EXERCISE. Filter the entries beneath this task, copying only the lines that hold the word "Used".

[Short web captions]
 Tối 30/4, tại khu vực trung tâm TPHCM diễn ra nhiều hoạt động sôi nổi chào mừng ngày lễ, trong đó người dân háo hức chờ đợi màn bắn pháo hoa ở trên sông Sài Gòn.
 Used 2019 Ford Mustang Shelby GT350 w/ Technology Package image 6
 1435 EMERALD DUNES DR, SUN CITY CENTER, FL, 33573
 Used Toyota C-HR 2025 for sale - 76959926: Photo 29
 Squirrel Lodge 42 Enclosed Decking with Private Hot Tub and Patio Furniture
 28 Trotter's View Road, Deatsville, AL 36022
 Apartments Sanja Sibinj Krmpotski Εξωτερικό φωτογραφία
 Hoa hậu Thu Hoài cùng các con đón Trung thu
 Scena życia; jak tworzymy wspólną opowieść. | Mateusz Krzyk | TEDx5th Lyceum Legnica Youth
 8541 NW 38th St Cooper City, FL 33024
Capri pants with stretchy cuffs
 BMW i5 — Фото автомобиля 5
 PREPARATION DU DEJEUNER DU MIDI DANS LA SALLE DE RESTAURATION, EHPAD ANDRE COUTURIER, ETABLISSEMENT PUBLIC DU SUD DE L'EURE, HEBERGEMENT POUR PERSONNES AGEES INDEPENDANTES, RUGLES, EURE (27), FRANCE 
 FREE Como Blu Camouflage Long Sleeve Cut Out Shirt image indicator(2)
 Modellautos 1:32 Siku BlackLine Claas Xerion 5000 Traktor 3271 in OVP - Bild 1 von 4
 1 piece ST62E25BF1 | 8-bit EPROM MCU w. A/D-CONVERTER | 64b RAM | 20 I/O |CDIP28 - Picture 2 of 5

RESPONSE BOX.
 Used 2019 Ford Mustang Shelby GT350 w/ Technology Package image 6
 Used Toyota C-HR 2025 for sale - 76959926: Photo 29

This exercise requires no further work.